It’s up to the entire global community to solve the migration crisis

By the end of 2017, 68.5m people were forced from their homes – more than the entire population of the UK – with 28 million of these refugees or seeking refugee status.

A commentary for the Global People Movements programme by Baroness Philippa Stroud

Published 1 Apr 2019

Soldiers swept through Myanmar a year ago, killing, raping and torturing thousands of Rohingya people.

They burned down homes, shops and mosques, and forced more than 700,000 people to flee across the border to Bangladesh.

The Rohingya survivors who remained in Myanmar are now at risk of starvation because the military has blocked access to their fields, stolen livestock, and destroyed local markets.

Samkina was 15 when her village was surrounded by Myanmar military and set ablaze.
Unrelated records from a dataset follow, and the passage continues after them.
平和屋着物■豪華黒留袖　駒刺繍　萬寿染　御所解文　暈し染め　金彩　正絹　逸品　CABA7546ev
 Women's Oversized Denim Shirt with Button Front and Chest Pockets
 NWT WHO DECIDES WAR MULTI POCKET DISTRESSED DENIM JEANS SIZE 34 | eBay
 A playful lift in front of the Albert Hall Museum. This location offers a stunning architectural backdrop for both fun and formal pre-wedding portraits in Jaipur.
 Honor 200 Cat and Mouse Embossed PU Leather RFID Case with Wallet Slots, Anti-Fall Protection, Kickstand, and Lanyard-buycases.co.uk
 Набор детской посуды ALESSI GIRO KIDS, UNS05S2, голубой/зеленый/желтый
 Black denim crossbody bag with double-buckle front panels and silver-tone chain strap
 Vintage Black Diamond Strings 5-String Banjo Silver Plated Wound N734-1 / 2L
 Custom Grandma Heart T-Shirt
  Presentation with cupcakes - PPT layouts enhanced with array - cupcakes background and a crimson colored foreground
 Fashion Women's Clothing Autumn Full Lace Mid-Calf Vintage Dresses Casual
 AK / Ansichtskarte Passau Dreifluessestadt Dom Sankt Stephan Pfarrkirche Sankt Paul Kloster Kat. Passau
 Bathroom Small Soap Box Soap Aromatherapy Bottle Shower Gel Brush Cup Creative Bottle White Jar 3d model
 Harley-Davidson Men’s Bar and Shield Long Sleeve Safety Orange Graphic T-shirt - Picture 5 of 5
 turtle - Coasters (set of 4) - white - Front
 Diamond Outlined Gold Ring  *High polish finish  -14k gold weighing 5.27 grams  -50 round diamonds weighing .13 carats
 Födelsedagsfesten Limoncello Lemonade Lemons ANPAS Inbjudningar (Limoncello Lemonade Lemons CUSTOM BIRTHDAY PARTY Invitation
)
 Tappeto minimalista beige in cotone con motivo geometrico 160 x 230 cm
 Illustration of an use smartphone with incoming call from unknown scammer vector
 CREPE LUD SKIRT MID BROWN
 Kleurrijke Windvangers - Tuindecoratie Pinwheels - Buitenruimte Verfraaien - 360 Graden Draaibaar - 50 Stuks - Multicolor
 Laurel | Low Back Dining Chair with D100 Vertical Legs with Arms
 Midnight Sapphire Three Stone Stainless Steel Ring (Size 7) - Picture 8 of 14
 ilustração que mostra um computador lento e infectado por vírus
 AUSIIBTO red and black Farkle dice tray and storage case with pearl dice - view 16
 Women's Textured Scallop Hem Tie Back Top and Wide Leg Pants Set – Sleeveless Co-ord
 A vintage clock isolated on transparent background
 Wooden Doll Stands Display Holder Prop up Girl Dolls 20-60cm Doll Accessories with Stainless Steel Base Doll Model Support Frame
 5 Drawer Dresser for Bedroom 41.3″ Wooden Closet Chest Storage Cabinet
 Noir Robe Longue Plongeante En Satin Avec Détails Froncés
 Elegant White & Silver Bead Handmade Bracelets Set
In the chaos, she managed to escape with her mother, brother and sister, but the soldiers opened fire and shot her father dead. She expresses deep grief about having to leave her father’s body where he fell, unable to bury him.

The journey through the jungle took them 14 days, without food or safe water, until exhausted they reached the Bangladesh border. The stench of corpses along the way made them vomit.

Currently living a makeshift life in a refugee camp, Samkina is like millions of displaced migrants – she doesn’t know if or when she will return home. The average length of displacement for a refugee lasts for an astonishing 17 years, almost a quarter of a person’s life.

When people are forced to flee, they are either displaced in their own country or cross into a neighbouring country where they can become trapped, lacking the means to move on.

Migrants are at huge risk when they make irregular journeys. They can lose all legal protection after crossing a border and are particularly vulnerable to traffickers and people smugglers who can force them into labour and prostitution, if they cannot pay the “fare”.

Conflict and war is not the only cause of necessity-driven migration. People fleeing from crime, unemployment, and degradation of the land and environment (including lack of water) are also contributing to the highest levels of people displacement on record.

By the end of 2017, 68.5m people were forced from their homes – more than the entire population of the UK – with 28 million of these refugees or seeking refugee status.

Most distressing of all, half of all refugees are children, with about 174,000 of these travelling unaccompanied, separated from their families and living unimaginably desperate lives.

The source of some migration is relatively concentrated geographically. More than two thirds of all refugees originate from just five countries – Syria, Afghanistan, South Sudan, Myanmar, and Somalia – and the majority of migrants seek sanctuary in their own region.

What these figures show us is that migration is not just a country problem – it is regional. Conflict and intolerable living conditions in one country displace people and force many to flee to a neighbouring country.

Migration in the Middle East and North Africa, for example, is largely conflict-driven, with a big impact for countries bordering war zones. The long-running civil war in Syria has forced five million Syrians to flee, mostly to Turkey, Lebanon, Jordan, as well to Iraq and Egypt.

Our new research published today, as part of the Legatum Institute’s Global People Movements programme, is an attempt to highlight the sheer scale of the humanitarian crisis which remains misunderstood, confused, and largely ignored.

The international community is failing to take full responsibility for the challenges posed by migration.

We need policymakers at a regional level to realise that this is our problem, and we must solve it together.

Resolving it will require us to harness our best instincts: collaboration, imagination, and, perhaps above all, compassion.

The world can no longer ignore forced and necessity-driven migration. Think about the data not just as numbers, but as millions of individual lives like Samkina’s.

Then ask: how will a refugee feel about their life and the world in 17 years, if nothing improves? And if we do not take responsibility, who will?